Google Stadia is looking to take on home console gaming by using streaming rather than local processing power. With Stadia, your game will be run and processed on hardware in server farms. This data will then be streamed to your device, where you can interact with it. The amazing thing is that you won’t need powerful hardware as long as you have a solid internet connection.
However, this is a tough task because Google is working with a major disadvantage compared to home consoles. With the game data being streamed to you, and your controls and actions being streamed back, there will be a delay. The amount of delay will depend on the capabilities of Stadia servers as well as your internet connection, but latency is unavoidable. It’s all about how manageable it is.

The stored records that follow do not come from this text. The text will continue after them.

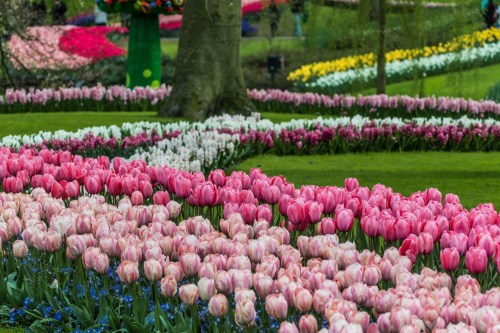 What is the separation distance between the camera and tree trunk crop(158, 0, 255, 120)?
610 inches

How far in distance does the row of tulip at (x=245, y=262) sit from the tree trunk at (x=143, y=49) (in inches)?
535

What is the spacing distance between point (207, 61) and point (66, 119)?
8.73 feet

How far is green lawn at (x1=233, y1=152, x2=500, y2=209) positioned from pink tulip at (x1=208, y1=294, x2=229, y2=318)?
5.81 metres

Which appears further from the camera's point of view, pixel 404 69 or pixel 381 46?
pixel 404 69

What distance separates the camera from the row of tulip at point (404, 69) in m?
24.7

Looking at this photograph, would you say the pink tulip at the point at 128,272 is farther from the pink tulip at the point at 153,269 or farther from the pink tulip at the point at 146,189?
the pink tulip at the point at 146,189

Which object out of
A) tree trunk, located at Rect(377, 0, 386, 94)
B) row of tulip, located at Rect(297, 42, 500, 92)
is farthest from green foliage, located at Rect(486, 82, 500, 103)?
row of tulip, located at Rect(297, 42, 500, 92)

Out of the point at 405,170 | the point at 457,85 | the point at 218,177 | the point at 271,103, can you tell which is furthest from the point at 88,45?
the point at 218,177

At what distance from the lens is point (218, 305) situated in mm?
4441

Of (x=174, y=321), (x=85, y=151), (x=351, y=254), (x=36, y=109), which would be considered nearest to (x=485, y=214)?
(x=351, y=254)

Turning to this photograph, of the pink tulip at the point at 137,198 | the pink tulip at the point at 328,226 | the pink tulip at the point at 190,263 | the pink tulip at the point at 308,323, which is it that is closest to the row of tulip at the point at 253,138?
the pink tulip at the point at 137,198

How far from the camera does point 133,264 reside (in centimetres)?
499

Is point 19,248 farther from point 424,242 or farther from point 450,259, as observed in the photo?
point 450,259

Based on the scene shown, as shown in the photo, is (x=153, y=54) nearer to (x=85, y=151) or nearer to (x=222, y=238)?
(x=85, y=151)
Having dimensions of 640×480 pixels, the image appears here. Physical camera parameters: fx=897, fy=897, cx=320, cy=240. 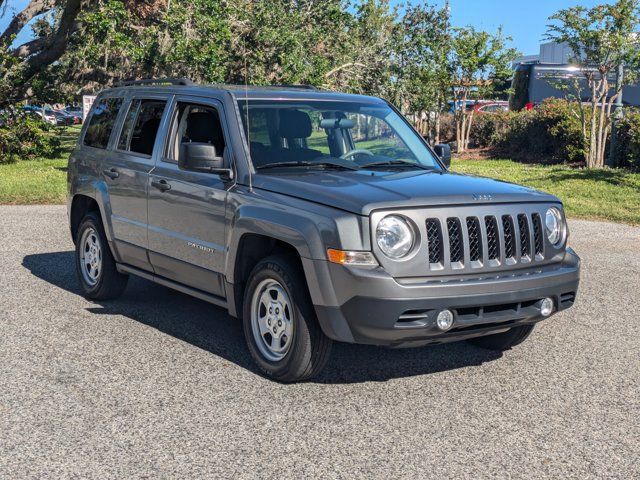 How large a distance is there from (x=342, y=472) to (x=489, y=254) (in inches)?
69.8

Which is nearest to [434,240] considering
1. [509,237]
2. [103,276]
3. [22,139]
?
[509,237]

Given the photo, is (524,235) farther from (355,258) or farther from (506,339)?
(355,258)

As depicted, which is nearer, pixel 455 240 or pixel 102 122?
pixel 455 240

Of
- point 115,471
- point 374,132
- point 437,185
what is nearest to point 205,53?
point 374,132

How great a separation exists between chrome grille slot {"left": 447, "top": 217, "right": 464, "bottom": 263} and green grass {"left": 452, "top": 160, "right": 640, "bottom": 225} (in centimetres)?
859

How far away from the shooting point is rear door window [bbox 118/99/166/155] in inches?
280

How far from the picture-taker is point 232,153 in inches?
241

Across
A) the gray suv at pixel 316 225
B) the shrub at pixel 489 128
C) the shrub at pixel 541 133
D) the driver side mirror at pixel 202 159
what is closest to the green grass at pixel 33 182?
the gray suv at pixel 316 225

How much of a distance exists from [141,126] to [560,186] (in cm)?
1177

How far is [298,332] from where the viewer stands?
5.40m

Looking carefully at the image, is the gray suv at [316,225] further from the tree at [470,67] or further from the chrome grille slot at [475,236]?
the tree at [470,67]

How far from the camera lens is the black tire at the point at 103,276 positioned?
771 centimetres

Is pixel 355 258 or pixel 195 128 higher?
pixel 195 128

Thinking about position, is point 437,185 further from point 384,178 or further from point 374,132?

To help with managing this lag, Google will eventually use machine learning to create “negative latency.” This software will predict your movements, which will reduce that lag because Stadia will already have your next move loaded up and ready to go. Not only will this reduce lag, it will allow more bandwidth to be used for higher framerate.
This feature is quite a ways out, but VP of engineering Madj Bakar believes that with this and other improvements, Stadia will be faster and more responsive than local gaming within just a year or two. With internet connections getting faster and cloud computing getting stronger, it’s not hard to imagine that this really will be the case. 4K 60 FPS gaming on nothing more than a Chromecast sure does sound like an exciting proposition.